*Problem to work on*
For the listing below, print exactly the lines from the line with "GIORGIO | Sophisticated Men's Polo Shirt" to the line with "杭州3万一平的房子，感觉比我", both included, and nothing beyond them.

<<<<

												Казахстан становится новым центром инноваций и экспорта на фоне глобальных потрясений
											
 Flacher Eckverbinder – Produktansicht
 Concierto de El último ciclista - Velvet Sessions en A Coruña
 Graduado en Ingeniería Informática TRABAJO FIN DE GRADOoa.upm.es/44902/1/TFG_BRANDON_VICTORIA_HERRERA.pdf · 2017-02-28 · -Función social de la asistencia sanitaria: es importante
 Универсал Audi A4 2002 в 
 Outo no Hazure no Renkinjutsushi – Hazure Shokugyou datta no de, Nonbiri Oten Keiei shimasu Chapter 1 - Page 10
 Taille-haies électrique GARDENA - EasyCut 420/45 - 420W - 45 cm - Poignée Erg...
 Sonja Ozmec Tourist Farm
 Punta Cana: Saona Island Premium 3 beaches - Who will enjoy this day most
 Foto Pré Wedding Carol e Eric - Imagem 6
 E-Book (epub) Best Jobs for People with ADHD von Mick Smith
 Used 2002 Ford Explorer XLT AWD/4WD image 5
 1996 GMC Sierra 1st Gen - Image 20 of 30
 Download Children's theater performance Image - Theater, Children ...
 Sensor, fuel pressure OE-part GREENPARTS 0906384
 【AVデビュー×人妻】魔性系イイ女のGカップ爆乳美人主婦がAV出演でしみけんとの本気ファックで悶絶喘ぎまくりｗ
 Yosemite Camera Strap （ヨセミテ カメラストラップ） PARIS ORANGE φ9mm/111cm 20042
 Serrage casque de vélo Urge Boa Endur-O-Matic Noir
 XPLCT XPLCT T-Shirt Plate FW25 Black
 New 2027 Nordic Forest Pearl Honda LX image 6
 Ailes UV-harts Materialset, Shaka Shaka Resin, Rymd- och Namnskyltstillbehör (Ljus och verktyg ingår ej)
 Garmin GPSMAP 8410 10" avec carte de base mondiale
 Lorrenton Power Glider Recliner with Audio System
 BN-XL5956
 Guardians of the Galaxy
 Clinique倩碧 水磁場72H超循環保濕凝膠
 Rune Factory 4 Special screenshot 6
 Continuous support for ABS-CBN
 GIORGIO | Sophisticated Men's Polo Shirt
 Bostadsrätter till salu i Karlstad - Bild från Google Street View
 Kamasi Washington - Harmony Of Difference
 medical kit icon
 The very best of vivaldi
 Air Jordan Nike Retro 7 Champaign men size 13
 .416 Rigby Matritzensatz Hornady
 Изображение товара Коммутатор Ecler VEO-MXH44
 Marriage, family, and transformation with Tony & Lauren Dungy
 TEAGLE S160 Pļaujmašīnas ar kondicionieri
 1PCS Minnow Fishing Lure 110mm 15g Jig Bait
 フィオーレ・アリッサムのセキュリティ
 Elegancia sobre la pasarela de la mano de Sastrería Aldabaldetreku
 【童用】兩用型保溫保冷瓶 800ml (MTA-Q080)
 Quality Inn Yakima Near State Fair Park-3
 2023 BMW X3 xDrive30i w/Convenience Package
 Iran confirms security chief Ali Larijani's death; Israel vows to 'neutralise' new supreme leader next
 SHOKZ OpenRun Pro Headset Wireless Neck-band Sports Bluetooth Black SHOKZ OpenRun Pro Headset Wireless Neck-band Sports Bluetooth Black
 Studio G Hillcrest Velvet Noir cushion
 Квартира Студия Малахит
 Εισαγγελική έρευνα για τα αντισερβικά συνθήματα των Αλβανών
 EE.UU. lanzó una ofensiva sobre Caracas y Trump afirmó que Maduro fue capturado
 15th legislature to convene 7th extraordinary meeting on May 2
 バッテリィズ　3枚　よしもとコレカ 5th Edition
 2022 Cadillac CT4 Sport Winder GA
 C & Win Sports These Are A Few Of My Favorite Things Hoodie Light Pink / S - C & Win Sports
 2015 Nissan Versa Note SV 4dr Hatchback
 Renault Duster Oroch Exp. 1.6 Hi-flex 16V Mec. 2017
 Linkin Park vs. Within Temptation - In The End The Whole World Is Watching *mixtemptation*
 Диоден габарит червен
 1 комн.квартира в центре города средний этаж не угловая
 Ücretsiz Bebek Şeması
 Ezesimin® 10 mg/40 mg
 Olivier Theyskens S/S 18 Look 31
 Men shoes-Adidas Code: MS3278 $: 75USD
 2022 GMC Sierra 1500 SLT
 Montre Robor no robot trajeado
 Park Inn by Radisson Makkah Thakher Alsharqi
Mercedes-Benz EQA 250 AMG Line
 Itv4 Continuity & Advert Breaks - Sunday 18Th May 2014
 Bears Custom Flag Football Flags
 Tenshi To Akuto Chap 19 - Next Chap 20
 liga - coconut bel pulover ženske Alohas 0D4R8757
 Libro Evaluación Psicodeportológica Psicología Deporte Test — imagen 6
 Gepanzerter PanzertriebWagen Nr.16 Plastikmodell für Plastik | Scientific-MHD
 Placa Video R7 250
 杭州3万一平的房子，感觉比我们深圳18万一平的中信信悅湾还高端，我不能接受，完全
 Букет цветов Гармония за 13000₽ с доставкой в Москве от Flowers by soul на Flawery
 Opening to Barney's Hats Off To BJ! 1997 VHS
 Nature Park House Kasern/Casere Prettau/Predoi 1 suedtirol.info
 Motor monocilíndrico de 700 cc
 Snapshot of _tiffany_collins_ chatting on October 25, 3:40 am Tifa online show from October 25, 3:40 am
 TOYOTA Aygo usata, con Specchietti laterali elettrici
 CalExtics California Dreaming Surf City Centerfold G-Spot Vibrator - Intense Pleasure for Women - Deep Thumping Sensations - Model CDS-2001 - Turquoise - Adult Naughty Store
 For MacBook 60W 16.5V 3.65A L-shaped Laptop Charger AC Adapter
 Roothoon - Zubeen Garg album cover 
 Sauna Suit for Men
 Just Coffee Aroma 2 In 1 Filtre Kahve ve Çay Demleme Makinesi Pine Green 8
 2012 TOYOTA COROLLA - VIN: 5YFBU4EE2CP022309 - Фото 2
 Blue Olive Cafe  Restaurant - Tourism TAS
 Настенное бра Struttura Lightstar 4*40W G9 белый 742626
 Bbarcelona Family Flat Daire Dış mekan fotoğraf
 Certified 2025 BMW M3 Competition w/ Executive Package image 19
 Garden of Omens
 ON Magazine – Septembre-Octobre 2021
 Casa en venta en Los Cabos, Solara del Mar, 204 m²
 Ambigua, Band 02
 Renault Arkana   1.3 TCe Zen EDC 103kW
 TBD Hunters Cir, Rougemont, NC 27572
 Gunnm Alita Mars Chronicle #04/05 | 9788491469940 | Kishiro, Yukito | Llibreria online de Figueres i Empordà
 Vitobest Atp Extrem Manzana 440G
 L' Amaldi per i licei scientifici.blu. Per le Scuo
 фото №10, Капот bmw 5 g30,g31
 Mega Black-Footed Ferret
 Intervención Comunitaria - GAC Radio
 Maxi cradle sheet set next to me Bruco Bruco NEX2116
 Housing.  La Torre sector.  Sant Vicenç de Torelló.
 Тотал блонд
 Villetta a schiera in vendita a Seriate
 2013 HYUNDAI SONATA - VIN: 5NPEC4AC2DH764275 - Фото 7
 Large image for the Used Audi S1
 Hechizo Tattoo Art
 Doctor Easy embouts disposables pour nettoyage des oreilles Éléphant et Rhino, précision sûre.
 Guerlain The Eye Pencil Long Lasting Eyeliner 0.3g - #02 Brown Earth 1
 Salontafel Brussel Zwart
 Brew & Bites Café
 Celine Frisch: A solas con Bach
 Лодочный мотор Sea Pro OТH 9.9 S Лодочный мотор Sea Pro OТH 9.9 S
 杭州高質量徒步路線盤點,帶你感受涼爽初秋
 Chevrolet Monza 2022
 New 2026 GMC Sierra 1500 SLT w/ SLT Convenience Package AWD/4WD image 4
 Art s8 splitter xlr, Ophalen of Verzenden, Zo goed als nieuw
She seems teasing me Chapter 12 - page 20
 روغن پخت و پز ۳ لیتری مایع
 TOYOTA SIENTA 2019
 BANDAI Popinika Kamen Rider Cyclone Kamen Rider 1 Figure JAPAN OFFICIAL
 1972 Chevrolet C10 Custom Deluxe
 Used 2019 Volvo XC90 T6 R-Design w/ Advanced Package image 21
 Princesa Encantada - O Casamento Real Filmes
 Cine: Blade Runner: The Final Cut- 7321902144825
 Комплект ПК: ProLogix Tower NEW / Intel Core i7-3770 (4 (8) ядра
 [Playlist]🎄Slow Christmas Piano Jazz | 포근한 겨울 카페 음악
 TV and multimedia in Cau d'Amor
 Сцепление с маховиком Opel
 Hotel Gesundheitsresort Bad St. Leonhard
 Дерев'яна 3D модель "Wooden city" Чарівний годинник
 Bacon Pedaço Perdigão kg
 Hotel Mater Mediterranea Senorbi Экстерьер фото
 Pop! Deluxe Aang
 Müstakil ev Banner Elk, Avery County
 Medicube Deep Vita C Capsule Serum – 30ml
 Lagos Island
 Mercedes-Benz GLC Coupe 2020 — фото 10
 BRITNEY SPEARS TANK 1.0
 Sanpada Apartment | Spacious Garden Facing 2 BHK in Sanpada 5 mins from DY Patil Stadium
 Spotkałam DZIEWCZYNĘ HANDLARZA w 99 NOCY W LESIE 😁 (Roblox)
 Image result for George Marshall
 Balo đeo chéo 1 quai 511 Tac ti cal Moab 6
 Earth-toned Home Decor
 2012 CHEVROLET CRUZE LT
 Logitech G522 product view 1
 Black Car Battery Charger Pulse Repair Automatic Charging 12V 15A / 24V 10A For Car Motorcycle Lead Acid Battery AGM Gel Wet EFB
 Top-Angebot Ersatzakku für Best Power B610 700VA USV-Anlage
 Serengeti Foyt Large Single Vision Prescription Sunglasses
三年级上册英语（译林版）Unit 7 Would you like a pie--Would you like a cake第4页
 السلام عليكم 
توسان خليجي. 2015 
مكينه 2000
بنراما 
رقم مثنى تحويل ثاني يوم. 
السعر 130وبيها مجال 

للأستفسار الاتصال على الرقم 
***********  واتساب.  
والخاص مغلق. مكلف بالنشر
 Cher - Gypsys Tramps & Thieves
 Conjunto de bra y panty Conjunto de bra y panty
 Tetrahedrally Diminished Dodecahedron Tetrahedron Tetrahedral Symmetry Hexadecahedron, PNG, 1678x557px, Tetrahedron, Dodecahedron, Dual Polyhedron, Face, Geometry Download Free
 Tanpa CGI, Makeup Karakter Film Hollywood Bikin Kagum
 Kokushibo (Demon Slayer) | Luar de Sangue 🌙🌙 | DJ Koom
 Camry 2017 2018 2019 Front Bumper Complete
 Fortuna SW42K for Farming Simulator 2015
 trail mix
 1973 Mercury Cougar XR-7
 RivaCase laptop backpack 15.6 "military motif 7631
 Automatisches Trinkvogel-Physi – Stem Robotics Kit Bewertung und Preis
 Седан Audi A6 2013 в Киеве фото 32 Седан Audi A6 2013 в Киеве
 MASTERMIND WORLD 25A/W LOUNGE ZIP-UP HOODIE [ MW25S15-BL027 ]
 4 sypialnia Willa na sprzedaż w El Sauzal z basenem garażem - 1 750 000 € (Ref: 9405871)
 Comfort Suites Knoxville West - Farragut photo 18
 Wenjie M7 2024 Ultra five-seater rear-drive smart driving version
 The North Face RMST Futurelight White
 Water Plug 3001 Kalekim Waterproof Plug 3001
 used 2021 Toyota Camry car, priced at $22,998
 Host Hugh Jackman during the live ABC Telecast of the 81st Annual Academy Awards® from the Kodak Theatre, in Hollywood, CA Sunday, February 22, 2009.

>>>>

*Solution for this task*
 GIORGIO | Sophisticated Men's Polo Shirt
 Bostadsrätter till salu i Karlstad - Bild från Google Street View
 Kamasi Washington - Harmony Of Difference
 medical kit icon
 The very best of vivaldi
 Air Jordan Nike Retro 7 Champaign men size 13
 .416 Rigby Matritzensatz Hornady
 Изображение товара Коммутатор Ecler VEO-MXH44
 Marriage, family, and transformation with Tony & Lauren Dungy
 TEAGLE S160 Pļaujmašīnas ar kondicionieri
 1PCS Minnow Fishing Lure 110mm 15g Jig Bait
 フィオーレ・アリッサムのセキュリティ
 Elegancia sobre la pasarela de la mano de Sastrería Aldabaldetreku
 【童用】兩用型保溫保冷瓶 800ml (MTA-Q080)
 Quality Inn Yakima Near State Fair Park-3
 2023 BMW X3 xDrive30i w/Convenience Package
 Iran confirms security chief Ali Larijani's death; Israel vows to 'neutralise' new supreme leader next
 SHOKZ OpenRun Pro Headset Wireless Neck-band Sports Bluetooth Black SHOKZ OpenRun Pro Headset Wireless Neck-band Sports Bluetooth Black
 Studio G Hillcrest Velvet Noir cushion
 Квартира Студия Малахит
 Εισαγγελική έρευνα για τα αντισερβικά συνθήματα των Αλβανών
 EE.UU. lanzó una ofensiva sobre Caracas y Trump afirmó que Maduro fue capturado
 15th legislature to convene 7th extraordinary meeting on May 2
 バッテリィズ　3枚　よしもとコレカ 5th Edition
 2022 Cadillac CT4 Sport Winder GA
 C & Win Sports These Are A Few Of My Favorite Things Hoodie Light Pink / S - C & Win Sports
 2015 Nissan Versa Note SV 4dr Hatchback
 Renault Duster Oroch Exp. 1.6 Hi-flex 16V Mec. 2017
 Linkin Park vs. Within Temptation - In The End The Whole World Is Watching *mixtemptation*
 Диоден габарит червен
 1 комн.квартира в центре города средний этаж не угловая
 Ücretsiz Bebek Şeması
 Ezesimin® 10 mg/40 mg
 Olivier Theyskens S/S 18 Look 31
 Men shoes-Adidas Code: MS3278 $: 75USD
 2022 GMC Sierra 1500 SLT
 Montre Robor no robot trajeado
 Park Inn by Radisson Makkah Thakher Alsharqi
Mercedes-Benz EQA 250 AMG Line
 Itv4 Continuity & Advert Breaks - Sunday 18Th May 2014
 Bears Custom Flag Football Flags
 Tenshi To Akuto Chap 19 - Next Chap 20
 liga - coconut bel pulover ženske Alohas 0D4R8757
 Libro Evaluación Psicodeportológica Psicología Deporte Test — imagen 6
 Gepanzerter PanzertriebWagen Nr.16 Plastikmodell für Plastik | Scientific-MHD
 Placa Video R7 250
 杭州3万一平的房子，感觉比我们深圳18万一平的中信信悅湾还高端，我不能接受，完全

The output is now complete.